To see this notice $\sigma (1+...+1) = \sigma (1) + ... + \sigma(1) = n\cdot \sigma(1) = n\cdot 1$.
This is because $\sigma (a+b) = \sigma(a) + \sigma(b)$ and $\sigma (-a) = -\sigma(a)$ since $\sigma$ is automorphism.

The prime subfield is $E = \{ \alpha/\beta | \alpha,\beta \in D , \beta \not = 0 \}$.
Notice that $\sigma (x) = x$ for all $x\in E$.
To see this notice, $\sigma (\alpha/\beta) = \sigma(\alpha)/\sigma(\beta) = \alpha/\beta$.

3. Originally Posted by ThePerfectHacker
The prime subfield is $E = \{ \alpha/\beta | \alpha,\beta \in D , \beta \not = 0 \}$.
Notice that $\sigma (x) = x$ for all $x\in E$.
To see this notice, $\sigma (\alpha/\beta) = \sigma(\alpha)/\sigma(\beta) = \alpha/\beta$.
I understand the first two cases. But why is that the third case? How about $\{(n\cdot 1)^{-1}| n \in \mathbb{Z}\}$?
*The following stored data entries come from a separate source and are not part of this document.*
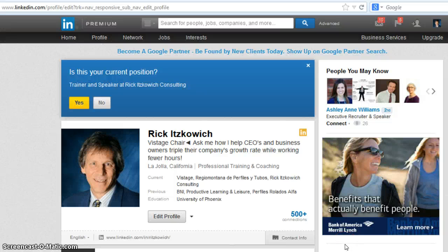Hi, this is Rick Guy, the LinkedIn Guy, and in this video I will show you how to edit the order in which your experience appears on your LinkedIn profile.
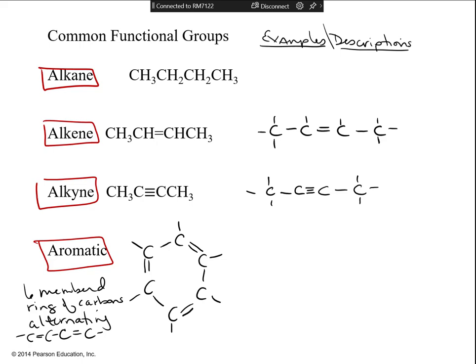Two carbons share a double bond — we would just call that an alkene functional group. If there's a triple bond, then it's an alkyne.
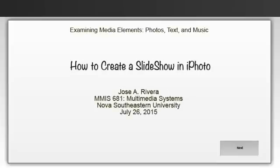Hello and welcome to my Media Enhanced product. Today we'll be examining media elements: photos, text, and music. This short tutorial will show you how to create a slideshow using iPhoto.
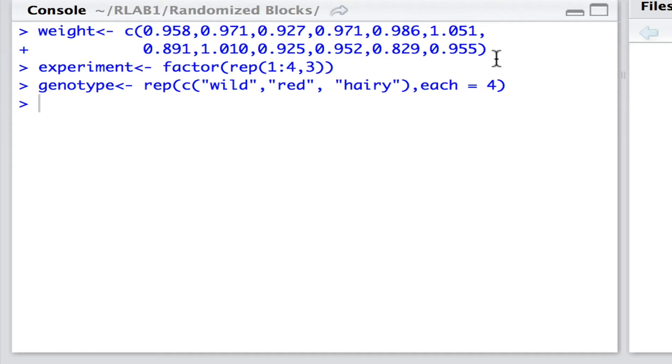The genotypes are wild, red and hairy, and each of those elements in that vector, wild, red and hairy, are repeated four times. So, there are the data read in.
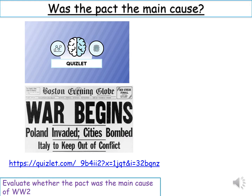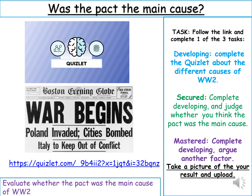Task 3: we're going to look at whether the pact was actually the main cause. Follow the link to the Quizlet and complete one of the three tasks. Developing: complete the Quizlet about the different causes and upload your result. Secured: complete developing and judge whether you think the pact was the main cause. Mastered: complete developing and argue another factor. Pause it now and complete task 3.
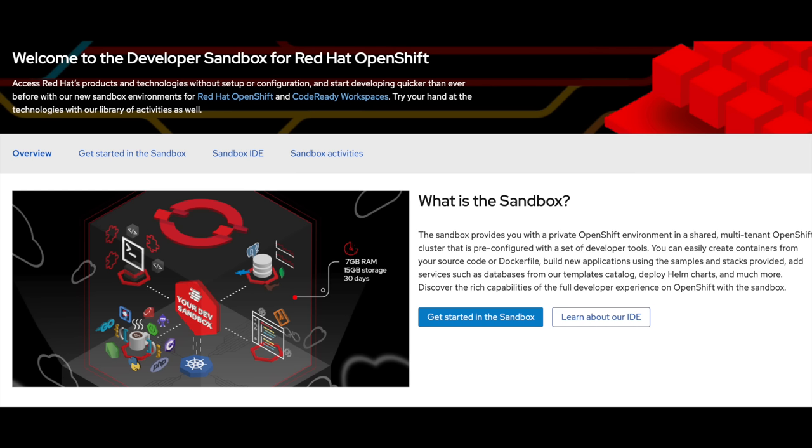The easiest way to get access to an OpenShift cluster is to use the OpenShift sandbox, and there will be a link in the description below for that.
4. Originally Posted by dori1123
I understand the first two cases. But why is that the third case? How about $\{(n\cdot 1)^{-1}| n \in \mathbb{Z}\}$?
I have no idea what you are trying to ask. What are you asking? Are you asking why $E$ is the prime subfield in the way I defined it?

5. Yes.

6. Originally Posted by dori1123
Yes.
The prime subfield is the intersection of all subfields i.e. it is the smallest subfield. If $E$ is a subfield then it means $1\in E$ but then $n\cdot 1\in E$ because $E$ is closed under addition and it has $0$ and it has all additive inverses. Therefore $D$ must be contained in $E$. However, $E$ is a field and so $\alpha/\beta \in E$ for all $\alpha,\beta \in D,\beta\not =0$. Therefore, the set of fraction is contained in $E$, but this set of fractions is itself a field and so $E$ is in fact the set of all these fractions that we can form.